Treasury Bills Yielding 5% Are a Big Hit with Retail Investors  

  • Everyone — from moms and pops to corporate treasurers and the mega asset managers — is piling in, won over by a unique opportunity: To lock in a 5% yield, and protect themselves from uncertainty over the US economy.
  • With rates on cash and cash-like instruments at the highest in more than two decades and offering more income than benchmark US debt or stocks, assets in money-market funds have swelled to a record. But nowhere is that appetite for liquid, high-yielding instruments more apparent than in the market for T-bills where investors have snapped up more than $1 trillion of new notes in just the last three months.
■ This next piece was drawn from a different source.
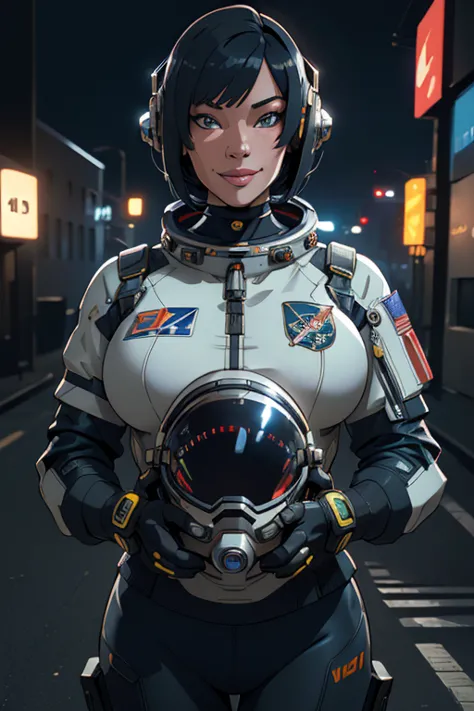 astronaut, bob haircut, big breasts, astronaut cyberpunk outfit, cyberpunk astronaut helmet, smiling, in moon, (best quality,4k,...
  • Demand has been so robust, that the number of bills sitting on balance sheets of primary dealers, the first port of call for Treasury debt sales, plummeted to about $45 billion last month after touching an all-time high of $116 billion in July. It has also made the paper more expensive, driving the difference between bill yields and so-called overnight index swaps — which investors use to measure the Fed’s path — back toward zero after climbing into positive territory for the first time since 2020.
  • The narrowing trend has prompted some money-market funds that aren’t required to buy only T-bills to take a more cautious view as they await better entry levels and more clarity on the economy and the Fed’s policy path.
  • With US central bank officials entering a quiet period ahead of their policy meeting Sept. 19-20, the monthly inflation report Wednesday will be closely watched for clues to how much still needs to be done to rein in price growth. While there’s little expectation of a hike this month, swaps traders are pricing in about even odds of a quarter-point increase in November.